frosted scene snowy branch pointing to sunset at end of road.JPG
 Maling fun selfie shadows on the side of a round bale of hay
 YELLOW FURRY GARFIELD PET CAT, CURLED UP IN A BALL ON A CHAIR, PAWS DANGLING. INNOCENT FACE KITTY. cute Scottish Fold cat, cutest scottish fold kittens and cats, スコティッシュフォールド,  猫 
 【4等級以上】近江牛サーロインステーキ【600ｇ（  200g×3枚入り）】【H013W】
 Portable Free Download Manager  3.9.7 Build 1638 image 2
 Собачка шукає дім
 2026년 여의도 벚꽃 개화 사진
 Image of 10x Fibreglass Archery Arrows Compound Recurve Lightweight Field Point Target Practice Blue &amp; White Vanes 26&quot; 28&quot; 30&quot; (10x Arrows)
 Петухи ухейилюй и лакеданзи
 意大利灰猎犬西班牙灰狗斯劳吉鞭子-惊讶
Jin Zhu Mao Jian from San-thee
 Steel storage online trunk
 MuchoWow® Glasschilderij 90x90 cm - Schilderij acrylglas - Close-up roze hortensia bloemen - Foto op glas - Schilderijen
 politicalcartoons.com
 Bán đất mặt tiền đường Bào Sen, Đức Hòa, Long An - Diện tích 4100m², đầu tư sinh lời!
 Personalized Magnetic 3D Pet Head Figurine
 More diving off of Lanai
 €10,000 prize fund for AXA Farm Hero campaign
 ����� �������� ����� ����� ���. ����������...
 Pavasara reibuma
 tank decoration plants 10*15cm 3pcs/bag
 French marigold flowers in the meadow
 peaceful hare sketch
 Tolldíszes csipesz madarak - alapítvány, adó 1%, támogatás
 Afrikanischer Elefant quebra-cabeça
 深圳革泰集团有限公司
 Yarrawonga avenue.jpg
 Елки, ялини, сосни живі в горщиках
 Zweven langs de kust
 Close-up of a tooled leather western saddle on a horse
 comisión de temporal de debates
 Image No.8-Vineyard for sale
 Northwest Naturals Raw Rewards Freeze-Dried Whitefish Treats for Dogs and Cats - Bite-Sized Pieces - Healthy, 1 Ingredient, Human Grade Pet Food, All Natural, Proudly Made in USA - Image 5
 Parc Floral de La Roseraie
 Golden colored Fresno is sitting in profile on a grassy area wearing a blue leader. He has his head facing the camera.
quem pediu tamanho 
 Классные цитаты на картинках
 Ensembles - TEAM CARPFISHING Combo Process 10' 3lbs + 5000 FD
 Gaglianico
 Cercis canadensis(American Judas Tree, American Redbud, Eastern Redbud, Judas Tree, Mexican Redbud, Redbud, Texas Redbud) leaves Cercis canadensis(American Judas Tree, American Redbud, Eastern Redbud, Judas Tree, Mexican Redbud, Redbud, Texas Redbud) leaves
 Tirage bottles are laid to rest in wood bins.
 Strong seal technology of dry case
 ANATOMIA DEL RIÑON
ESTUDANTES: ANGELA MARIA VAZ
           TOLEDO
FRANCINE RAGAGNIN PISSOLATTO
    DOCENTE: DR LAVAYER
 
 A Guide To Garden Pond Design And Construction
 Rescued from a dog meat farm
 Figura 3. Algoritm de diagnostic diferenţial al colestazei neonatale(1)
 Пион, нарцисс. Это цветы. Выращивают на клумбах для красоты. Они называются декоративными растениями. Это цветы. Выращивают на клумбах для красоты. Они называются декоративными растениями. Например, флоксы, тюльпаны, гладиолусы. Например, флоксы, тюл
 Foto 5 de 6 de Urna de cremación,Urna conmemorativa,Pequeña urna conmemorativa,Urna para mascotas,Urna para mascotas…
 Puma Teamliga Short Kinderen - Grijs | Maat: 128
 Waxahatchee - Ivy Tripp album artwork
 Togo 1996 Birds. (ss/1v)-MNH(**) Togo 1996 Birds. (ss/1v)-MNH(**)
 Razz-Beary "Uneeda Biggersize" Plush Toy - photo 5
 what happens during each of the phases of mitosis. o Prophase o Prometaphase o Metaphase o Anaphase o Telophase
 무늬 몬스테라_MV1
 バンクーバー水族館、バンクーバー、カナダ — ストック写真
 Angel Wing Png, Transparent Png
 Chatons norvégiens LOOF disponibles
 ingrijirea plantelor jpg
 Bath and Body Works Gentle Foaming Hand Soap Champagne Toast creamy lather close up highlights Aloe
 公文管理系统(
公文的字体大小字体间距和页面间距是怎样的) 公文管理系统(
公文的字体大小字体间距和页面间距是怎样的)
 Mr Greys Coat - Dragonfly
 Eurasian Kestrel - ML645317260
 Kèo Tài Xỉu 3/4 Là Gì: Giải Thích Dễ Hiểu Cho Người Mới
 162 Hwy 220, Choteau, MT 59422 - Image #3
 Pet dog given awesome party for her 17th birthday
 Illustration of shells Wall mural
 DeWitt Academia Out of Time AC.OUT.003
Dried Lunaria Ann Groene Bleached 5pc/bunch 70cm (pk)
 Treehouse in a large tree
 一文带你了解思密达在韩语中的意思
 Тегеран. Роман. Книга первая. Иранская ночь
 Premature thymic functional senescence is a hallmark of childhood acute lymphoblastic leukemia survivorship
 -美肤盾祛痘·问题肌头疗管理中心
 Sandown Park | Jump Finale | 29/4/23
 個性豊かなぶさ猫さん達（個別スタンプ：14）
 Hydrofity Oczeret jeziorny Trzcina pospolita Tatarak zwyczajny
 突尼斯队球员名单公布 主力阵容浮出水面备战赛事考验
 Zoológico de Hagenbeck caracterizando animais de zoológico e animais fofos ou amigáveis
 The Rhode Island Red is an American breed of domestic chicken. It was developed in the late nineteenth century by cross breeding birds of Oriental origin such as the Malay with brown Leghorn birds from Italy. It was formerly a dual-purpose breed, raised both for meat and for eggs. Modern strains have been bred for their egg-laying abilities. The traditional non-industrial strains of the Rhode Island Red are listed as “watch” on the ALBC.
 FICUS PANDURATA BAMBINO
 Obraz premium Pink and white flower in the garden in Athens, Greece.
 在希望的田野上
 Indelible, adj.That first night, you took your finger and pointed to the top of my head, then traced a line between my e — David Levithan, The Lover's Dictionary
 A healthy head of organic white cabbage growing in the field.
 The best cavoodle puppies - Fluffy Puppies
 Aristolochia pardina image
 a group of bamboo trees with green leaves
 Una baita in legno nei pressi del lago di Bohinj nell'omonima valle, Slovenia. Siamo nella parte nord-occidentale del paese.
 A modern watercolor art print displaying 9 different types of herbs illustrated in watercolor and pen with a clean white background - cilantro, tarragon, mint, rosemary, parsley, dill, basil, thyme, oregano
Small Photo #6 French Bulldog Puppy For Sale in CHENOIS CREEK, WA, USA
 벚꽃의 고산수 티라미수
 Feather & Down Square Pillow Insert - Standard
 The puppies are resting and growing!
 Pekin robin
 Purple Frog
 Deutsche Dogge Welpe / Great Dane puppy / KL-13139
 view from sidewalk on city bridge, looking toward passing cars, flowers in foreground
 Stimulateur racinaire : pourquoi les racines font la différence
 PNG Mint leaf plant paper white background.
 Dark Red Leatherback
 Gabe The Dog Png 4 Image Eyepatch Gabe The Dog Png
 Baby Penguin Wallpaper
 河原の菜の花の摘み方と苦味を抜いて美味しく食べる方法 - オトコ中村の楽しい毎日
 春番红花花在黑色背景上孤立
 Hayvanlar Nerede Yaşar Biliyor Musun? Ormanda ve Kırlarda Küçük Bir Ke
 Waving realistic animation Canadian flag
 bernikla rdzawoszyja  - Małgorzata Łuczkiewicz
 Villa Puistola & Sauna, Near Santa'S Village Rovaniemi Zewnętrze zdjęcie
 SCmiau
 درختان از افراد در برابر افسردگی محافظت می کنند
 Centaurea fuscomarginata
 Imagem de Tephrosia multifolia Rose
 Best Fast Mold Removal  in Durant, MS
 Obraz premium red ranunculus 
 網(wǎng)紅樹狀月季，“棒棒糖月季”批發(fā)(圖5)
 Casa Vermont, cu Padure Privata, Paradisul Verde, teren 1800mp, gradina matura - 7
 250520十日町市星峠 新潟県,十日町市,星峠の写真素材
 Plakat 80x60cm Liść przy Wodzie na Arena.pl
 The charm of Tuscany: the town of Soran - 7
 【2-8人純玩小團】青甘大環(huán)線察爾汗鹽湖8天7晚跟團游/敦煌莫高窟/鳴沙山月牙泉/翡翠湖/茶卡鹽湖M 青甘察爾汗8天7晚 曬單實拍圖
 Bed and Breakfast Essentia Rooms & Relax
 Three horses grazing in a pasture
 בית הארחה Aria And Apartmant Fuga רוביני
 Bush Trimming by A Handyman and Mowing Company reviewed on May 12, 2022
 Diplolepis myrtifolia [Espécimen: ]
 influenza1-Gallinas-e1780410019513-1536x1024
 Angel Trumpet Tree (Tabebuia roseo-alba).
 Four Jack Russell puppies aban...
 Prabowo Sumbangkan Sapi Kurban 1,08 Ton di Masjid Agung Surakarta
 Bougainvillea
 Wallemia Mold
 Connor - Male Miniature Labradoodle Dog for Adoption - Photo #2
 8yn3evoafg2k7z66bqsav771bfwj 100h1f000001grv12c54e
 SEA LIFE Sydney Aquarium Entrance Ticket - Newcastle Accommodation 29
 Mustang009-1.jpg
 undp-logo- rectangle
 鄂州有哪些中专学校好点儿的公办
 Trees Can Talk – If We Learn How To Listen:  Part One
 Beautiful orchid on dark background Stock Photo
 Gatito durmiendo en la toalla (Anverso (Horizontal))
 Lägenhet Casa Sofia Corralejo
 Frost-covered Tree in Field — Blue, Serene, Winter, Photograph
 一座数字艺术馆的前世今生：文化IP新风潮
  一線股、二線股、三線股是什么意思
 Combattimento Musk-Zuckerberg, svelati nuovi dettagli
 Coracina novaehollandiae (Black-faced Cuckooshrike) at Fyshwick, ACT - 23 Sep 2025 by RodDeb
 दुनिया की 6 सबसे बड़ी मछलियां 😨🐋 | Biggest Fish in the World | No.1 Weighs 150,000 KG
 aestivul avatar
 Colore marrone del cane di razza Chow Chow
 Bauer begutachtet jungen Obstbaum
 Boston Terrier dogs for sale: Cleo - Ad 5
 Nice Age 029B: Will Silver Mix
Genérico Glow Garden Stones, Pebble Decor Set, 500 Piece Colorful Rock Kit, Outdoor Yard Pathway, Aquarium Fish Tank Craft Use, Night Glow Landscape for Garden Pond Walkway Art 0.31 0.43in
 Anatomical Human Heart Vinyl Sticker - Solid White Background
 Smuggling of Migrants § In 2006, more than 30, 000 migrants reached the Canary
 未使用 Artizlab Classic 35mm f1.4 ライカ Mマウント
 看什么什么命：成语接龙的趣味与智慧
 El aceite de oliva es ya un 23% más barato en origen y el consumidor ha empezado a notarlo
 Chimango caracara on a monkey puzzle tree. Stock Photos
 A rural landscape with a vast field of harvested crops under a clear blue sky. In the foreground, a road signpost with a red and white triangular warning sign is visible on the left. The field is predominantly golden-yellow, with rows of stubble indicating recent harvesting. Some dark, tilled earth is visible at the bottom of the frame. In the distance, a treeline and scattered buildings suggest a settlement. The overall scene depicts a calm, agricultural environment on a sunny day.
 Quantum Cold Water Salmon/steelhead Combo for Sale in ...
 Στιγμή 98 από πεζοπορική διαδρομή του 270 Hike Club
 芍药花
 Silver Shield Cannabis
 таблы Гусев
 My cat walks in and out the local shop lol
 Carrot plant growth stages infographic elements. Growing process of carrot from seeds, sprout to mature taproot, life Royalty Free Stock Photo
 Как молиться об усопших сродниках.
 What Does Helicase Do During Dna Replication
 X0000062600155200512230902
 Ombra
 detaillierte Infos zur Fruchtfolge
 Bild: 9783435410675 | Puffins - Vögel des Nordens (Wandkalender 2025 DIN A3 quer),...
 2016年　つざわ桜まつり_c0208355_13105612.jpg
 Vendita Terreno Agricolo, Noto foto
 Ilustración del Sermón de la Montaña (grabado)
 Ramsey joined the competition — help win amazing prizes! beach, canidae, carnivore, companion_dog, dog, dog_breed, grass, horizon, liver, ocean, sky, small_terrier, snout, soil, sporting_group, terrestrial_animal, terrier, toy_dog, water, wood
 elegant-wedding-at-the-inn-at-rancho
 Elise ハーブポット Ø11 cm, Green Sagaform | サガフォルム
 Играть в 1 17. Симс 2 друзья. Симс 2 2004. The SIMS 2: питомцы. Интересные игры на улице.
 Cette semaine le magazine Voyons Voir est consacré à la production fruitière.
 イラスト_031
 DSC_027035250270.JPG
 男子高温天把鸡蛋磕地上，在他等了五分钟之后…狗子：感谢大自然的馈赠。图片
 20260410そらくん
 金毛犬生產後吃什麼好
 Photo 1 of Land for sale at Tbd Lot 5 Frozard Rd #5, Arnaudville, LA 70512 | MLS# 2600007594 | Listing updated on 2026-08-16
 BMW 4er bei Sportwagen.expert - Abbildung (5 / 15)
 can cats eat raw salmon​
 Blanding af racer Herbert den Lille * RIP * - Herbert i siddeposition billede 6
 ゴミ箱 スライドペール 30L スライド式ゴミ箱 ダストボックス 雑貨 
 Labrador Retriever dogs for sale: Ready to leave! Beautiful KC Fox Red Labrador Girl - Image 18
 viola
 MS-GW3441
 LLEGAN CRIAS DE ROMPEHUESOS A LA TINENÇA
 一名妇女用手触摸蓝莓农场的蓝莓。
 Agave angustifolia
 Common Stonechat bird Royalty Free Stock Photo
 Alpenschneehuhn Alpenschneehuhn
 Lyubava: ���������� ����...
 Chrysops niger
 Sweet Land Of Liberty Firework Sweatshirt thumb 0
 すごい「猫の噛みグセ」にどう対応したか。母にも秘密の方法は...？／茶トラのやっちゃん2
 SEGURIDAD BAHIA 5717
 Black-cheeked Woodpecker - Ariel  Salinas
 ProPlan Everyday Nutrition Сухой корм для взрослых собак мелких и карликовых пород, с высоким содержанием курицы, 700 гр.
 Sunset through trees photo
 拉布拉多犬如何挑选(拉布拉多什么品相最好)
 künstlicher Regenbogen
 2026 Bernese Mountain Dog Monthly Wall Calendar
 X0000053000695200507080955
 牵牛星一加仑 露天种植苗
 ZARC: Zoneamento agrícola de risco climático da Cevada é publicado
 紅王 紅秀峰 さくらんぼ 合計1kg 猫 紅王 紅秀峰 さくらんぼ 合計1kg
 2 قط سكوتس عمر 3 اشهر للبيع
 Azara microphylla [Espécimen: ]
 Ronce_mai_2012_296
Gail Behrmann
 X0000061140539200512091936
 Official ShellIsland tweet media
════════════════════
Action item: Search the entries for the string "Espécimen" and return each line where it turns up.

Task answer:
 Diplolepis myrtifolia [Espécimen: ]
 Azara microphylla [Espécimen: ]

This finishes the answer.